Source: United States Departement of State
Emerging economies that support business development with investments in infrastructure such as roads, ports and education will experience stronger economic growth. When those businesses are led by women, the entire society benefits from the prosperity they create.
At the AGOA Forum, Ambassador Melanne Verveer leads a panel of African women business owners, who describe barriers to business expansion.
That message came through clearly June 15 when a panel of African business owners -- all women -- explained the limitations they encounter in trying to expand their promising businesses. The women shared their stories with an audience populated by many government ministers and fellow entrepreneurs from the region participating in the 11th U.S.-Sub-Saharan African Trade and Economic Cooperation Forum, also known as the AGOA Forum.
Melanne Verveer, the State Department's ambassador-at-large for global women's issues, said women entrepreneurs in many countries, including the United States, have proven that they can build businesses that create jobs and grow wealth. Secretary of State Hillary Rodham Clinton's favorite adage on this topic, Verveer said, is that investing in women is smart and strategic action for national economic policy.
Verveer said the U.N. Food and Agriculture Organization (FAO) has documented the economic contributions of women in agriculture. If women farming small lots in Africa had the same access to tools, seed, loans and markets as men, FAO reports, there would be a marked improvement in their productivity, Verveer said.
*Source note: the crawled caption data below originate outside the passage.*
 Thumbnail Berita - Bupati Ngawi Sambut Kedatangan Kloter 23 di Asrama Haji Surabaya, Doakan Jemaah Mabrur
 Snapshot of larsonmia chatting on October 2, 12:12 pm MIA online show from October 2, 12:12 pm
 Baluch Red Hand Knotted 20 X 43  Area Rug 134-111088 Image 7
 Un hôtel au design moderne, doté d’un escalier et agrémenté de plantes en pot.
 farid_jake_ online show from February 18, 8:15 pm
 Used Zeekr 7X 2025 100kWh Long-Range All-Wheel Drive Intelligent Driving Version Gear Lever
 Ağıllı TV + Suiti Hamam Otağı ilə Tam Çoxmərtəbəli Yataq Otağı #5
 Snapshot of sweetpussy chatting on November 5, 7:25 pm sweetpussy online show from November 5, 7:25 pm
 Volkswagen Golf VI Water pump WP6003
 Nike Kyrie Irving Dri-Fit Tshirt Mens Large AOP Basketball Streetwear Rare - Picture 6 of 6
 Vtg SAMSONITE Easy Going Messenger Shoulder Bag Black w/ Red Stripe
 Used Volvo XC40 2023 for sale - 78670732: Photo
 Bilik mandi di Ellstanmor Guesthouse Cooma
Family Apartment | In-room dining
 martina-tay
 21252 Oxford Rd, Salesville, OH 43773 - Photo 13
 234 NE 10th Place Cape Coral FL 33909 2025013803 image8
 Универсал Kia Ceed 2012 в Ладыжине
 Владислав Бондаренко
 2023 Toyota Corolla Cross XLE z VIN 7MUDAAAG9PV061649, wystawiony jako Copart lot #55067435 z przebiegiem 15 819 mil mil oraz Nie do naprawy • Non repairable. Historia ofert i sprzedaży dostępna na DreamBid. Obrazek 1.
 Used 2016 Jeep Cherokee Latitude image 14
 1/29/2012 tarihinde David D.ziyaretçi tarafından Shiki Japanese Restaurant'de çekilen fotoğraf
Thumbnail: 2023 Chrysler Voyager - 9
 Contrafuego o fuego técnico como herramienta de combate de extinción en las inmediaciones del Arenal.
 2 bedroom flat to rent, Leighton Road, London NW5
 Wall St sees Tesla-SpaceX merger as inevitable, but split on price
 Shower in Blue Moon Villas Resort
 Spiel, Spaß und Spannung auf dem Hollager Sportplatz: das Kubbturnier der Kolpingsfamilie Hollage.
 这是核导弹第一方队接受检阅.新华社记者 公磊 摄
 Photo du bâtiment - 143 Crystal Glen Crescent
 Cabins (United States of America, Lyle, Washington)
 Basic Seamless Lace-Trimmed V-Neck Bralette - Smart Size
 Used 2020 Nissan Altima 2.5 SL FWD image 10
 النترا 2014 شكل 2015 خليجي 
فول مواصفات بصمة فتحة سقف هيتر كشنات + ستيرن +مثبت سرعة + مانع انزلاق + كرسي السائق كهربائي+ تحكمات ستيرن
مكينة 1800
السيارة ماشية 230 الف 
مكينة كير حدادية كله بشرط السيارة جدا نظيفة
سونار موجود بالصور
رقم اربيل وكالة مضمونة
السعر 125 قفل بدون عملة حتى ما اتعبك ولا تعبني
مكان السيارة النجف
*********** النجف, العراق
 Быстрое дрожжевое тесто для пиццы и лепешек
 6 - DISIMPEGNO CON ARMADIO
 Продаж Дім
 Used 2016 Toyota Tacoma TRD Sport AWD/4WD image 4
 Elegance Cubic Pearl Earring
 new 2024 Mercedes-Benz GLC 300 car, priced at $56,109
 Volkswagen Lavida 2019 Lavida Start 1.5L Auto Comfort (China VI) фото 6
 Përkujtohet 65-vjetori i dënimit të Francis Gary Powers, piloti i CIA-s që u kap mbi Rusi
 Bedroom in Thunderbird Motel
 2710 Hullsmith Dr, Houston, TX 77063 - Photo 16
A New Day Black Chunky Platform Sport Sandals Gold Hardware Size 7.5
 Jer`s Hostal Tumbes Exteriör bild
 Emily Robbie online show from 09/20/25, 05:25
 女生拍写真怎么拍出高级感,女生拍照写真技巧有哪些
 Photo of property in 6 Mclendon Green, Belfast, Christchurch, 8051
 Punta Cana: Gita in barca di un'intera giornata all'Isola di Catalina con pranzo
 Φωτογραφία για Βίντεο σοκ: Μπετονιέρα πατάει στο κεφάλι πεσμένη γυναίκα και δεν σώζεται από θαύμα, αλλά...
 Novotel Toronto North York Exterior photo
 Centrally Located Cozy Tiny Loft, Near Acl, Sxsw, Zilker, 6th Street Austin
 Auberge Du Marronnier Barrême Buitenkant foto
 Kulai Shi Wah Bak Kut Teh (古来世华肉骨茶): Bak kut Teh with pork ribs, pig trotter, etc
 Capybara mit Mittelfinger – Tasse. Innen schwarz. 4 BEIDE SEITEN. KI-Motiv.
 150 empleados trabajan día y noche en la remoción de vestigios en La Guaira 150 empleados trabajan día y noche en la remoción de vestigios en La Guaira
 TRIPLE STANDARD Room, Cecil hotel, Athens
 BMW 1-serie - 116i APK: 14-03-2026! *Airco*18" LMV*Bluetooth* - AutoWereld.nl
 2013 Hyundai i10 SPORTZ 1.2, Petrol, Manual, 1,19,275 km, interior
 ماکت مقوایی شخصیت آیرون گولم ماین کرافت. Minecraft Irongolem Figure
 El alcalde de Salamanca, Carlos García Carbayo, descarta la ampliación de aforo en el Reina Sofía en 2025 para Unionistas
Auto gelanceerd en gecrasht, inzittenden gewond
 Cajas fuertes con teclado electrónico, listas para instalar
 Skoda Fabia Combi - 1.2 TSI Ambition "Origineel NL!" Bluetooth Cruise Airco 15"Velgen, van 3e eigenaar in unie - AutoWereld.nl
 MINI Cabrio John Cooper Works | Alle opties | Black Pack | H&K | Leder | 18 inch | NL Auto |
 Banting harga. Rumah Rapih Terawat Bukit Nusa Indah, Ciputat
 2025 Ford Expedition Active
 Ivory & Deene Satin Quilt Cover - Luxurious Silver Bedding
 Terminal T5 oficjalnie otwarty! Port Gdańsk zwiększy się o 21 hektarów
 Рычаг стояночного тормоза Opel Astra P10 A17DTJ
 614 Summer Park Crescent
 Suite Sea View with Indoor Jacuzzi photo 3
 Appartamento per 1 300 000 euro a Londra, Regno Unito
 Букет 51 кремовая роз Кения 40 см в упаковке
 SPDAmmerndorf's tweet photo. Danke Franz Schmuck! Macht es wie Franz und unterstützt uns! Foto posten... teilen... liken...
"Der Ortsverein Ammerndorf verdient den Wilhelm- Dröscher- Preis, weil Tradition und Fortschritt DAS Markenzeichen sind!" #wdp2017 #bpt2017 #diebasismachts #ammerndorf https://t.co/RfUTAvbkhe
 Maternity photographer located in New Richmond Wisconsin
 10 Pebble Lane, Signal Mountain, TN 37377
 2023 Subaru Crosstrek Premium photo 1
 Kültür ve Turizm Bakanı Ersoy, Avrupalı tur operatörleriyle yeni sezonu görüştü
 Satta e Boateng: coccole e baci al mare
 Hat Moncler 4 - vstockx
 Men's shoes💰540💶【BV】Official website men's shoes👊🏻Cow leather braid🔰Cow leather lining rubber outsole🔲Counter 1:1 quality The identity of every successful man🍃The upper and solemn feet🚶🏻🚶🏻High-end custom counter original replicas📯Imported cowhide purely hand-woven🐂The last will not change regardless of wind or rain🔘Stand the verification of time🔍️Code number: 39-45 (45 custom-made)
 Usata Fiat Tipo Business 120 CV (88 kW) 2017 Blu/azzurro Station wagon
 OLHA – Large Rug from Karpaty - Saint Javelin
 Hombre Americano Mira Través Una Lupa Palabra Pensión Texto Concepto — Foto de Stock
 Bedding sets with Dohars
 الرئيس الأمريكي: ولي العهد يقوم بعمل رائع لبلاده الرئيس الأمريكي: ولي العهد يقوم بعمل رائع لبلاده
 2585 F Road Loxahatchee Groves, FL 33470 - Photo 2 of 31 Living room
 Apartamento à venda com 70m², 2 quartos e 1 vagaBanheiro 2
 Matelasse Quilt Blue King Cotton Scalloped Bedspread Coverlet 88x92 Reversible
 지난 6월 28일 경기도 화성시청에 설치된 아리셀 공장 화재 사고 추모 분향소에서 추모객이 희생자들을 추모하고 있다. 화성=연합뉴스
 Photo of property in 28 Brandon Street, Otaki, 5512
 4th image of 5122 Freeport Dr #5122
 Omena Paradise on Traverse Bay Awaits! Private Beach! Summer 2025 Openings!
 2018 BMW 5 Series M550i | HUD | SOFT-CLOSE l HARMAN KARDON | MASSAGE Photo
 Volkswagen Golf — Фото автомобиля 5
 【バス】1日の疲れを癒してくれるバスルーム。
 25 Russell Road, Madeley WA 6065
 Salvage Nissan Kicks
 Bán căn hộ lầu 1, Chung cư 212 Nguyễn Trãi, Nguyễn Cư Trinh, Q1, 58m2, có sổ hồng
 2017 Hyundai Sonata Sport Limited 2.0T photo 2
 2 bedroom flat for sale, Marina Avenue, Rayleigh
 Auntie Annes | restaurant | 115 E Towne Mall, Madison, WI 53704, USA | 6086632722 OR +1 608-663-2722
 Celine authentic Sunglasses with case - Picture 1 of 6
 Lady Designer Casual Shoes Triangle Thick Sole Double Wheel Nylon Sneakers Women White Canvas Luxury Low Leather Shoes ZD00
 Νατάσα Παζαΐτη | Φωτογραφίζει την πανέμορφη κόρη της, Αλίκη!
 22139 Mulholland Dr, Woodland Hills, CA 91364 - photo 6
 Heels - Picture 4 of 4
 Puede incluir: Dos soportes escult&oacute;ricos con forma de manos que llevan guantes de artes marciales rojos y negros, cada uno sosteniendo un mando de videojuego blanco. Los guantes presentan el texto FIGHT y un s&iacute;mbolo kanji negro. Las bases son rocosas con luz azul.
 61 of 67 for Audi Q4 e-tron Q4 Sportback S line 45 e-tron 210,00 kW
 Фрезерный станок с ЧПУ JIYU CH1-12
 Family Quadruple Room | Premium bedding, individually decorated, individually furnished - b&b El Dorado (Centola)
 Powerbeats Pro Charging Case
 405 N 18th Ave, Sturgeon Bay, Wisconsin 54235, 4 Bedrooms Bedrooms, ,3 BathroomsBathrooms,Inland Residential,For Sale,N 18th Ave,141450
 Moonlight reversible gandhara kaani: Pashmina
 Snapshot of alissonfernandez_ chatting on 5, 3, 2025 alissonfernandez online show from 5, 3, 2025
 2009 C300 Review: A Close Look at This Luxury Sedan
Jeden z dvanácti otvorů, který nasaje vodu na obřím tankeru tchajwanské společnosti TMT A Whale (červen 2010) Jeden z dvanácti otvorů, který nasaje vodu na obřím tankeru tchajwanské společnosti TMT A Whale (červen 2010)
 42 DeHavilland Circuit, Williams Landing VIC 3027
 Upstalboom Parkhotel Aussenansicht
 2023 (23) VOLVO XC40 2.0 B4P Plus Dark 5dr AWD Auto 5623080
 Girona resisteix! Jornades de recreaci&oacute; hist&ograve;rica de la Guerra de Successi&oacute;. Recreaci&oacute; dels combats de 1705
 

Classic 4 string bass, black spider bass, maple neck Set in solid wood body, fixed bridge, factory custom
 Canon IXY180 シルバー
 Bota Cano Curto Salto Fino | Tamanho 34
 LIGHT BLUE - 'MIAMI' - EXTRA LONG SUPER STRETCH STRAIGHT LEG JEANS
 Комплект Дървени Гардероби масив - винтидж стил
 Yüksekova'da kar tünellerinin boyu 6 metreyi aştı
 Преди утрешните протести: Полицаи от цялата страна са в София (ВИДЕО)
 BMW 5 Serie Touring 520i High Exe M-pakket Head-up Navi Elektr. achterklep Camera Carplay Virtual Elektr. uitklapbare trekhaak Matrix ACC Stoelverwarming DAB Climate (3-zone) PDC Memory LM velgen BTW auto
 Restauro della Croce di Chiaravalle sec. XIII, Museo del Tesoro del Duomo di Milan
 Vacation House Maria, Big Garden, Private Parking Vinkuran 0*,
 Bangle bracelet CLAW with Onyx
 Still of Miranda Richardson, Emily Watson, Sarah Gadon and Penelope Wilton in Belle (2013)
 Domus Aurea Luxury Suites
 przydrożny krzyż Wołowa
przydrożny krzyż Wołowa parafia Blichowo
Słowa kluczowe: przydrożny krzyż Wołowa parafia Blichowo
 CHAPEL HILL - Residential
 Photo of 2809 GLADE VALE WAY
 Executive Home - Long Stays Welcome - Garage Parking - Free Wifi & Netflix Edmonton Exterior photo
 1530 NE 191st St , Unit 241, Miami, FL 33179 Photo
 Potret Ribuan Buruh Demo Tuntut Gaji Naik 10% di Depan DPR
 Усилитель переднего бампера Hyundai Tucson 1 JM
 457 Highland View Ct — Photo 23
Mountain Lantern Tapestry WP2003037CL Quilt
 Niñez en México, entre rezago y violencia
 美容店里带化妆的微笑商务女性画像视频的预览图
"Their yields would increase by 20 to 30 percent," Verveer said. "According to the FAO, this enhanced productivity could feed 150 million more people."
Liberian Minister of Agriculture Florence Chenoweth joined Verveer on the panel, saying she's seen firsthand how the lack of adequate infrastructure stymies farmers in her country.
"Agriculture must not produce, and then go through the frustration of not being able to market" products, Chenoweth said, because of inadequate roads or transport to reach markets, or because farmers don't know how to enter the market or price and package their products.
Chenoweth said supporting infrastructure also includes training, skills and instruction in how to run a business.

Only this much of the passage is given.